EXERCISE INSTRUCTIONS> Restate verbatim the span of lines below between the line with "Warframe поглощение корвекса смотреть онлайн" and the line with "PC950 pH/Conductivity Benchtop Meter", including those two lines, and only that span.

THE INPUT>
--------------------------------------------------
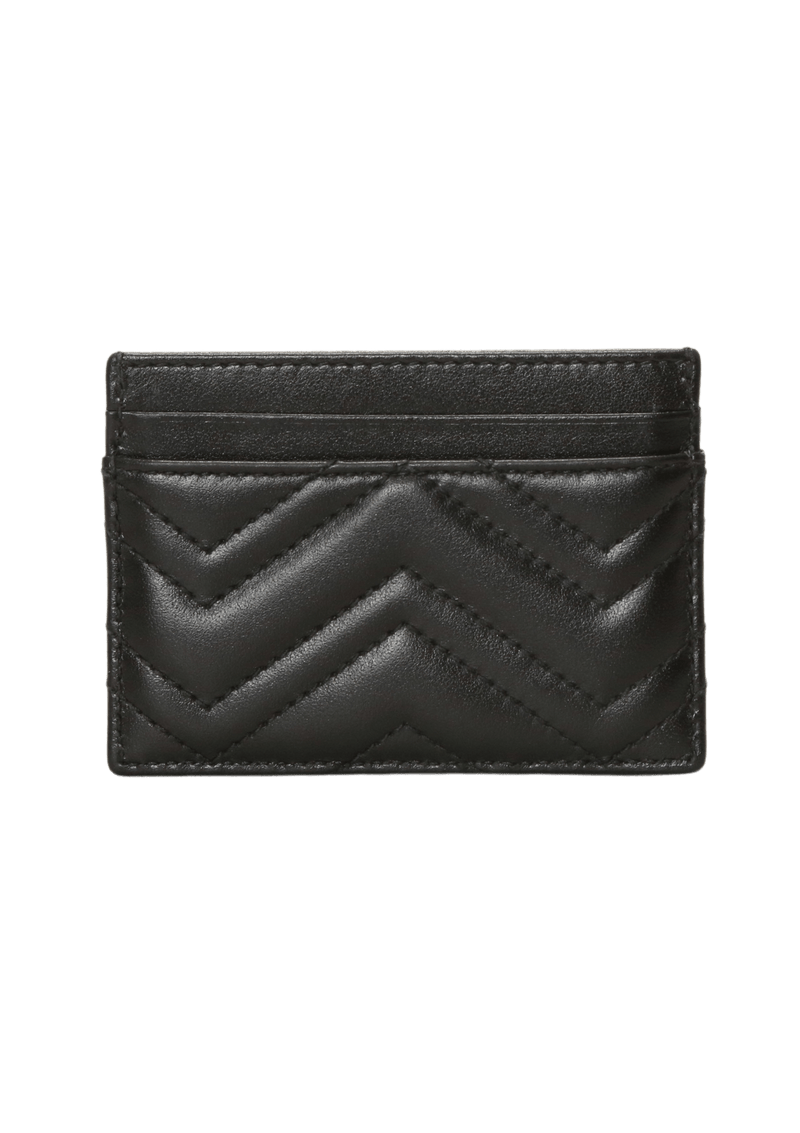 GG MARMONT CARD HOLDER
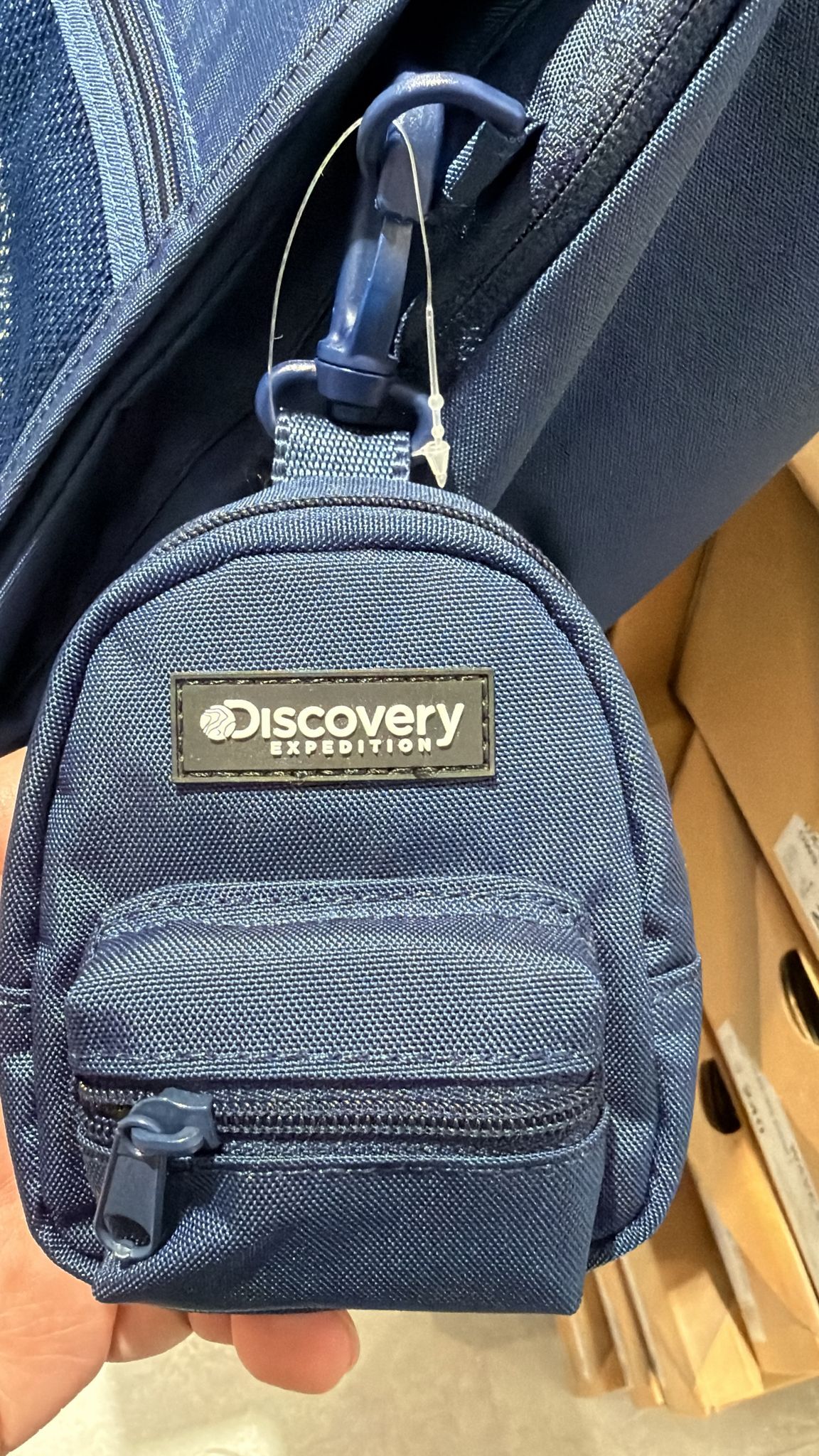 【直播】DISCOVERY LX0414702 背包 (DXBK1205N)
--------------------------------------------------
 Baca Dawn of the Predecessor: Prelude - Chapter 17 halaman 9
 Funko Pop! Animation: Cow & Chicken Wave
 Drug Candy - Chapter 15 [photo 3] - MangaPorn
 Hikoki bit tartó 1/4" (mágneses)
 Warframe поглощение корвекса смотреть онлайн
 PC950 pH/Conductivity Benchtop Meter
--------------------------------------------------
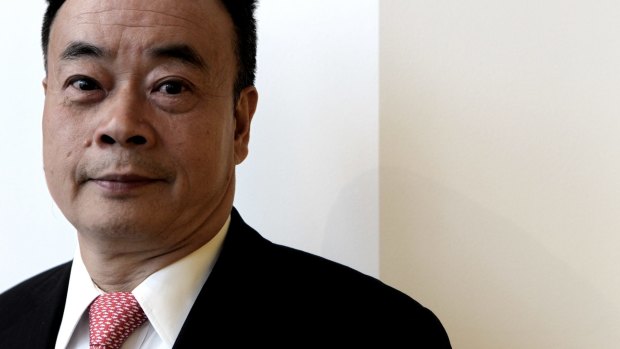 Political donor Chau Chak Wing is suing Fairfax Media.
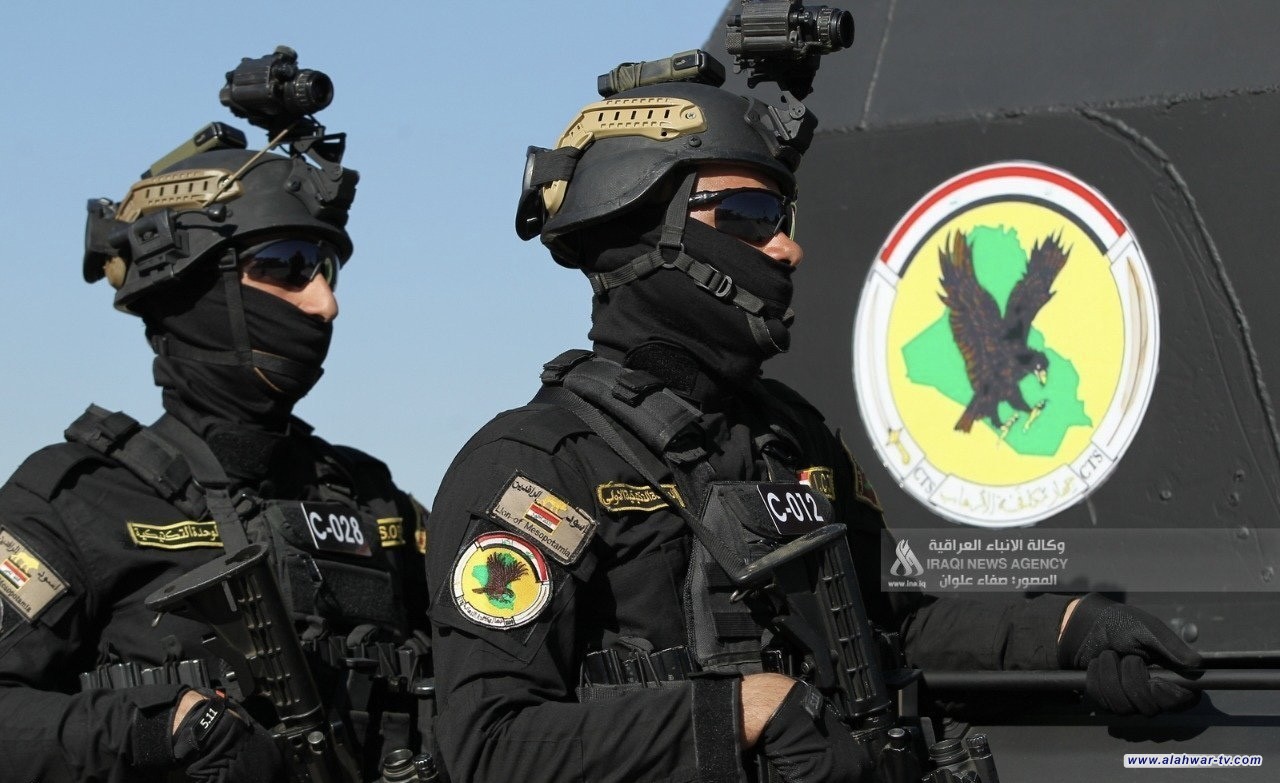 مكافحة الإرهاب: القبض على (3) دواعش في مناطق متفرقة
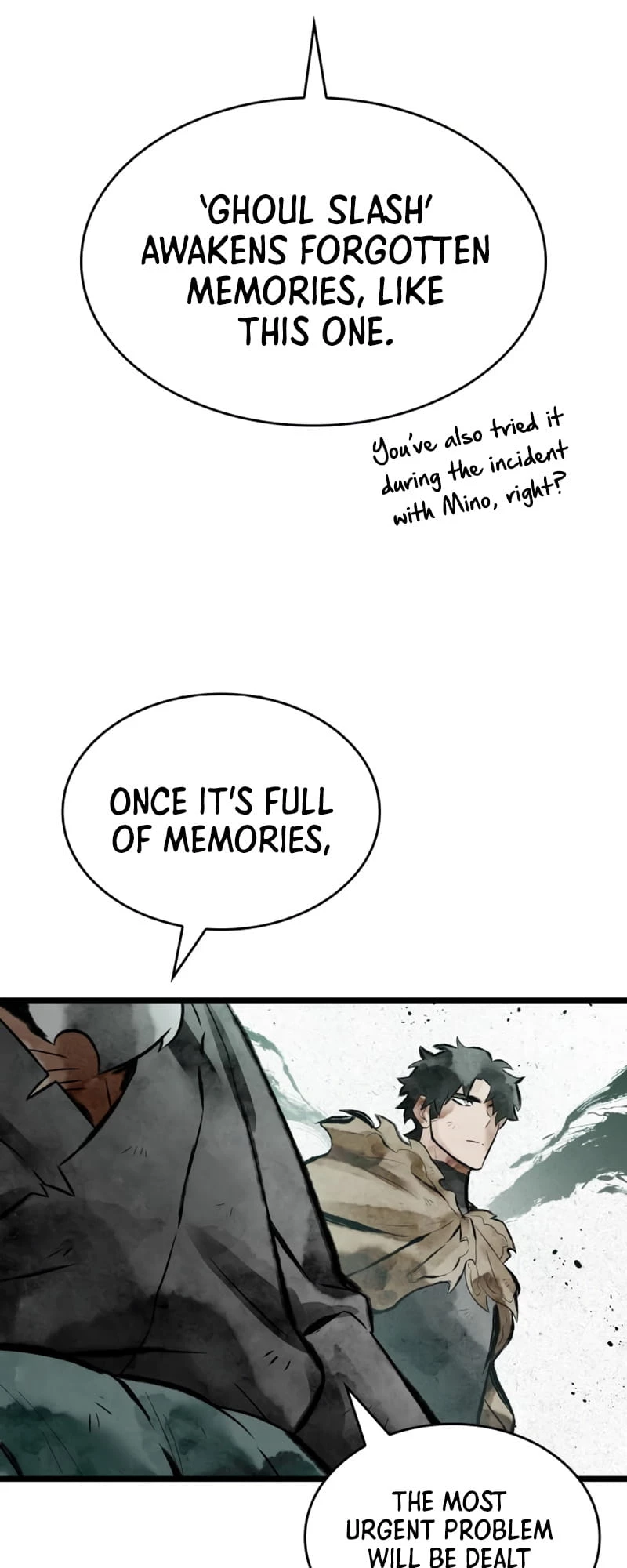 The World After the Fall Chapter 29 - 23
--------------------------------------------------
ANSWER FOR THIS EXERCISE>
 Warframe поглощение корвекса смотреть онлайн
 PC950 pH/Conductivity Benchtop Meter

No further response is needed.